The breakout song from the album is of course, Praying. I could on for paragraphs and paragraphs about how I feel about this song, and what an amazing thing of beauty, grace, love, healing, and pure gift it is. Sure, she didn’t end up winning any Grammy awards for it, but that is just irrelevant in the face of the transcendence, raw power, and timelessness of this song— and the fact that Kesha got to sing it right into the heart of the very industry that tried to conquer and silence her, with an army of women singing at her sides.
However, there is just one line of the song that will not sit right with me. In the opening verse, she sings:
but after everything you’ve done
I can thank you for how strong I have become
I have seen this pattern emerge before from artists and writers addressing the mistreatment and abuse they have experienced. Coming out on the other side of their dark experience, they realize how strong and brave they are to have survived, and take this piece of newfound confidence and self-respect with them as they move onward with their lives and their work. But why the impulse to thank the abuser?
In an episode of Season 4 of country-music drama, Nashville, young and ambitious but perpetually star-crossed Layla turns to Will, her ex-best friend/ex-husband and thanks him for making her a better artist.
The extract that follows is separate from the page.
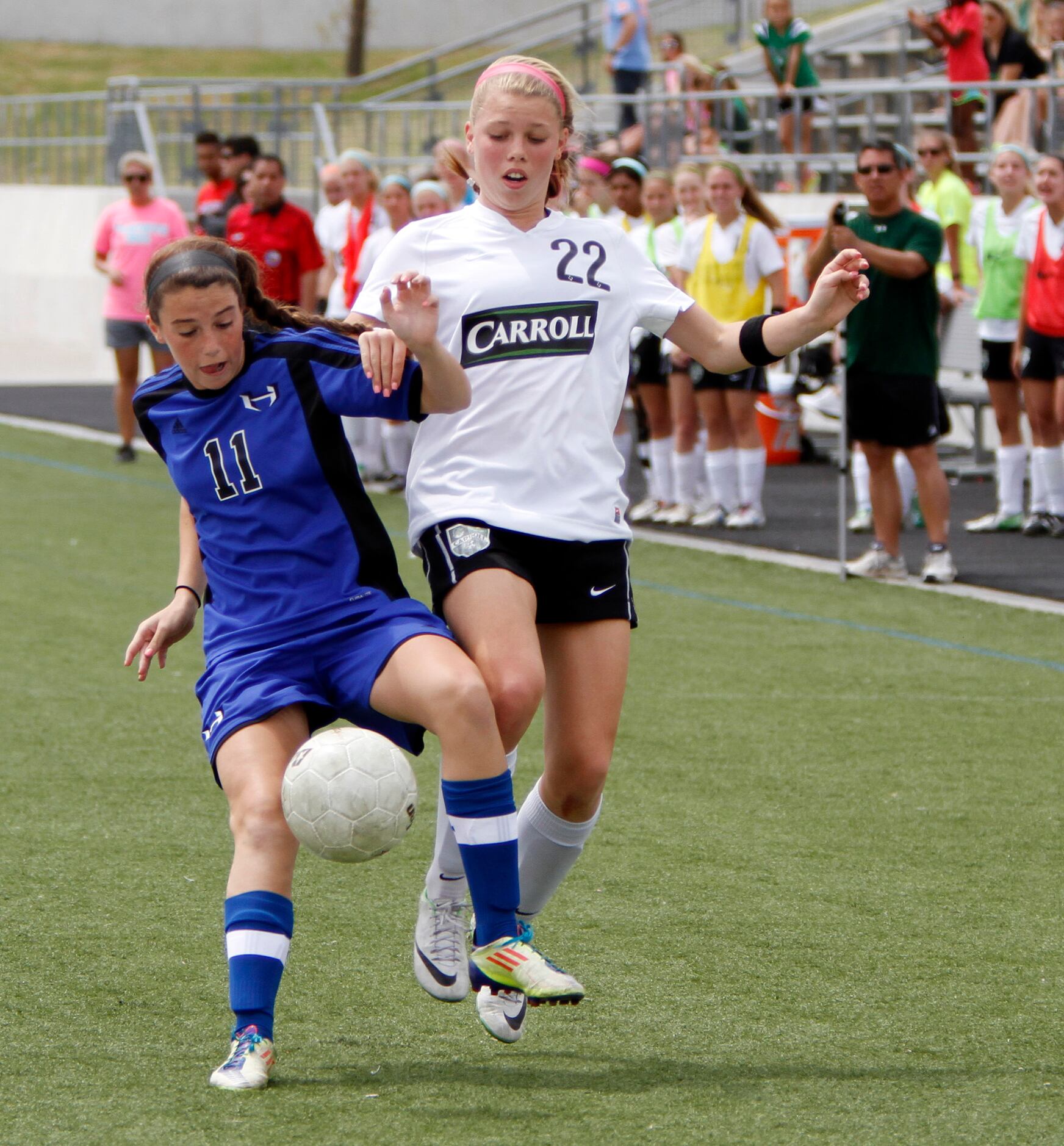 Hebron freshman forward Gabby Duca (11) fights for possession of the ball against Southlake...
The backstory is however that Layla fell in love with her friend, Will, who only proposed to her because (unbeknownst to her) he was a closeted gay man worried about how his sexuality made public might damage his career as a country music star. Layla therefore becomes his unconsenting beard, who later finds herself in the midst of scandal, humiliation, and heartbreak once Will realizes the life he has made for them is agonizing and untenable. This is the experience Layla is thanking Will for. I am definitely sympathetic towards Will’s predicament, but I was also outraged for Layla when she thanks him for the emotional trauma and professional scandal he put her through because ‘it gave her something to write [music] about.’
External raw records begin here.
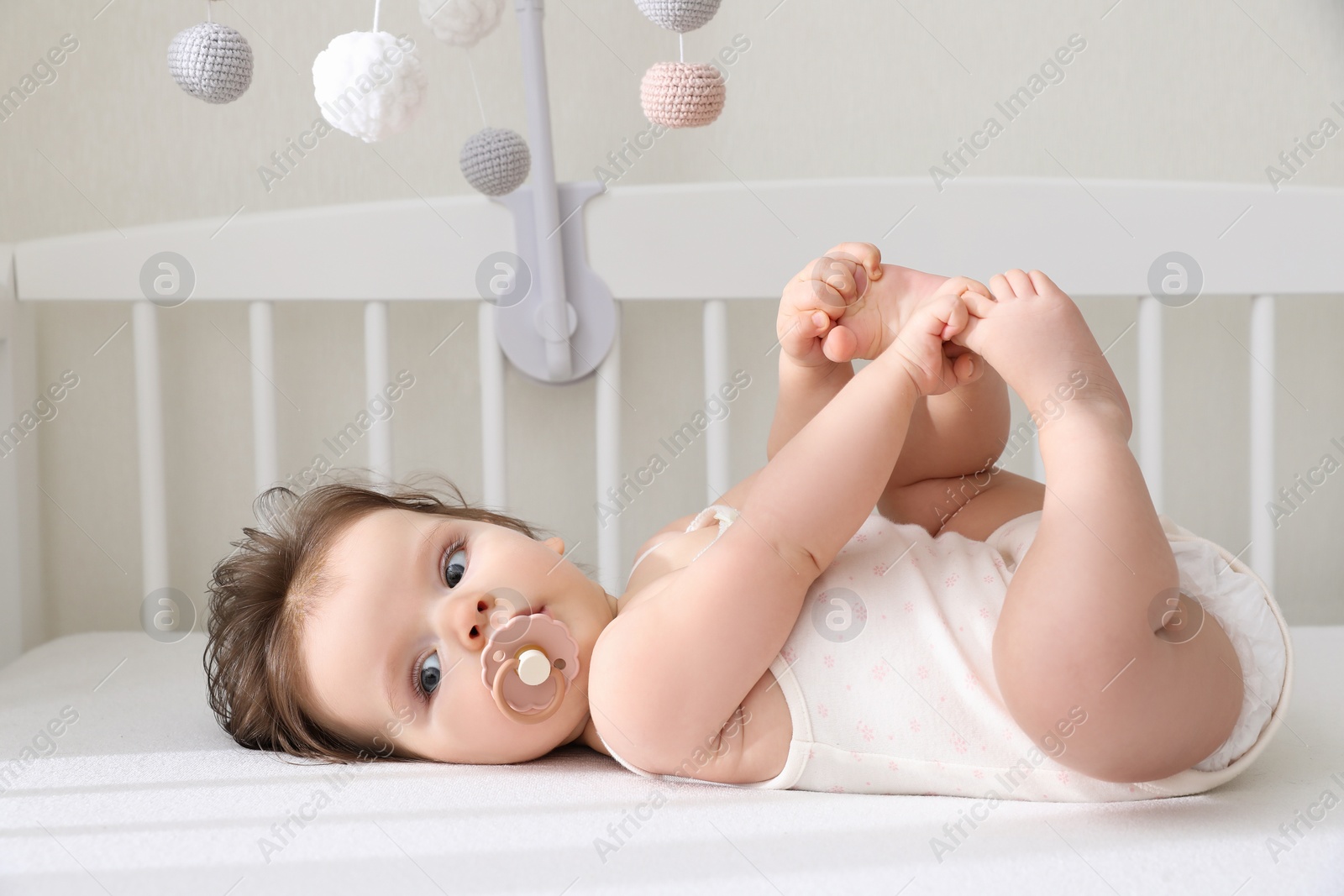 Photo of Cute little baby lying in crib with hanging mobile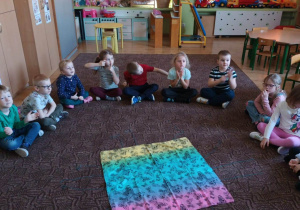 grupa dzieci siedzi na dywanie, biorą udział w zabawie edukacyjnej, na środku leży kolorowa chustka, pod którą ukryte są pomoce dydaktyczne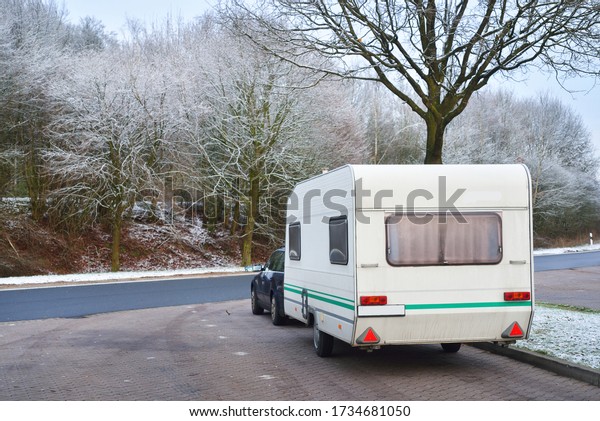 Caravan trailer and a car parked under\
the frosty tree. Bicycle road and city park in the background.\
Germany. Christmas vacations, recreation\
theme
In statements like these, it seems like there is an underlying implication that these women could not be strong or brave or triumphant or creative or successful without the hell that men put them through. This seems like an extension of the manipulation that Kesha is calling out when she sings:
Well, you almost had me fooled
Told me that I was nothing without you
Abusers and manipulators do not deserve gratitude for ‘making’ someone stronger or better in the long run by providing them the luxury of experiencing adversity. Rather, I believe that experiencing adversity merely makes a person more who they were all along. As James Aubrey from the tv show Bones responds to his self-centered, criminal embezzler father, who comes back into Aubrey’s life to tell him how proud he is of the life Aubrey has been able to make out of his childhood of neglect and betrayal: “I am not who I am because of you. I am who I am in spite of you.” It is the fact that Aubrey is able to become the kind, reliable, successful person he was always meant to be that is the true triumph, despite the roadblocks his father put in his way.
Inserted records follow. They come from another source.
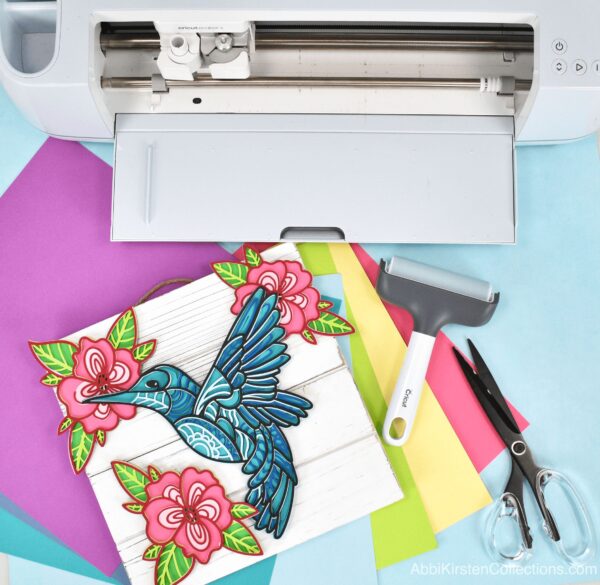 Paper hummingbird and flower craft with cardstock, Cricut machine, scissors and brayer tool. 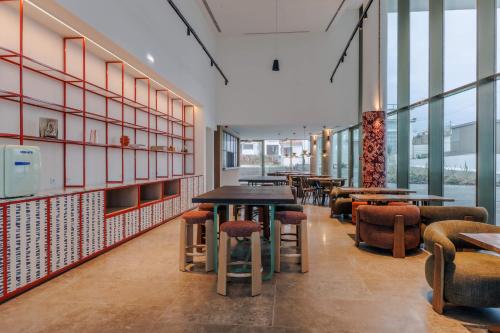 a restaurant with tables and chairs and windows at Upon Harbor - Seixal Bay Hotel in Seixal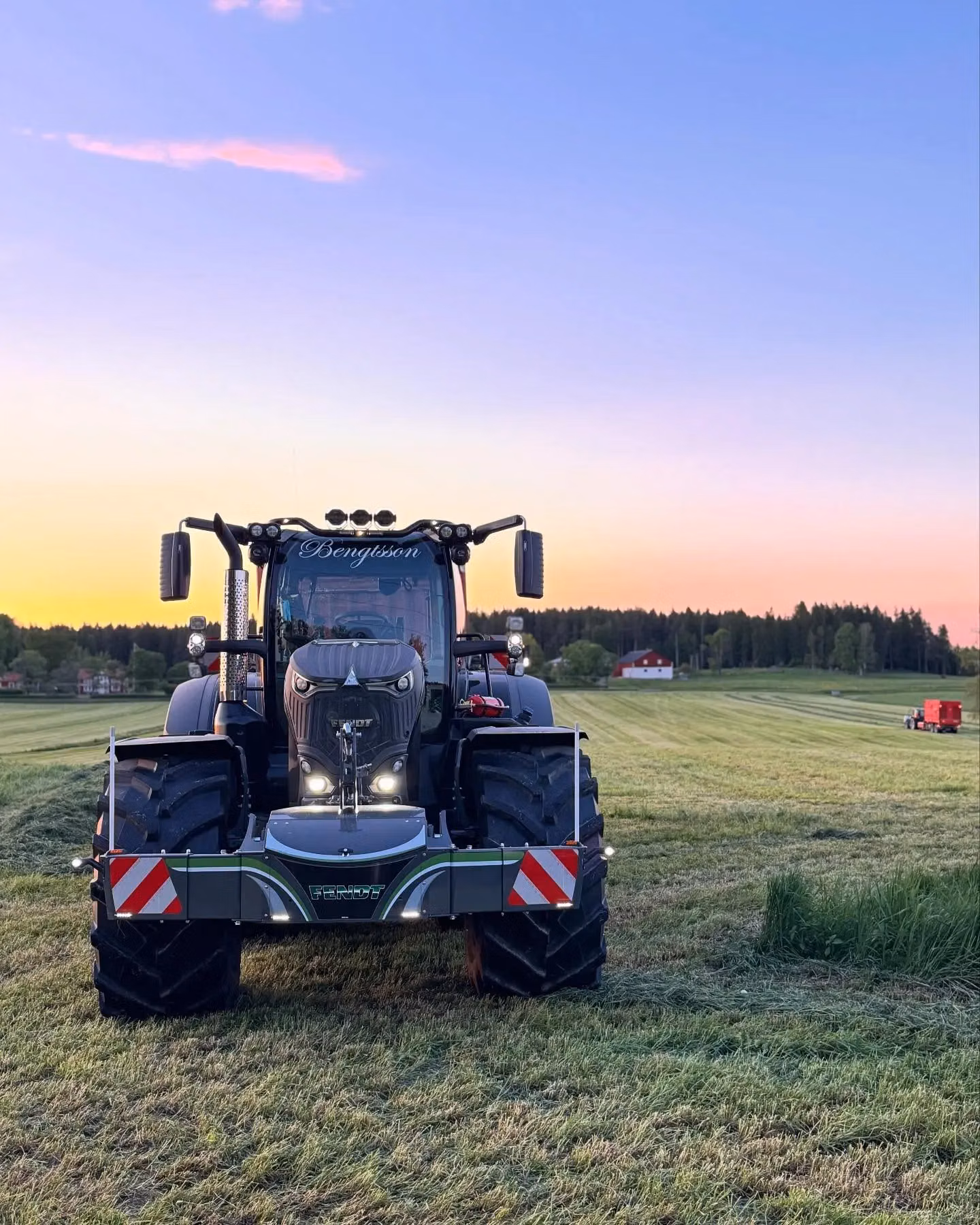 A tractor fitted with a front weight bumper stands on a grassy field at sunset with trees and a building in the background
I think Kesha would agree. Later in Praying, she sings:
I can make it on my own, oh
I don’t need you, I found a strength I’ve never known
That strength she found is her strength, it is of and in her. It was not given to her by her abuser; she owes him no gratitude. She doesn’t need him to create it, it was in her all along. Kesha is becoming the artist she always could be all along. (In fact, my first reaction upon listening to the powerful, raucous, and creative album was: this is what a woman can do when people get the hell out of her way.)
In Rainbow, another moving track from the album about falling back in love with herself and life, Kesha restates this sentiment, declaring:
what’s left of my heart’s still made of gold
Even though her heart has been worn and damaged, she knows that is still made of gold— meaning that it contained and was made of something precious and beautiful all along. The lyric conjures up the image of Expansion, the famous sculpture by Paige Bradley. Even though the cracks in the figure create a beautiful image, letting us witness the light within her— that light would be within her whether there were cracks or not. The beauty and strength and light was there long before Kesha’s abuser(s) ever came along.
Just because a situation or person brings out our best qualities, does not mean they get the credit for them. We need to honor and love ourselves for the incredible gifts and talents and strengths we hold within us. If we want to thank anyone, we can thank ourselves and the people who knew and believed we had it in us all along.
Thank you Kesha for how strong you have become.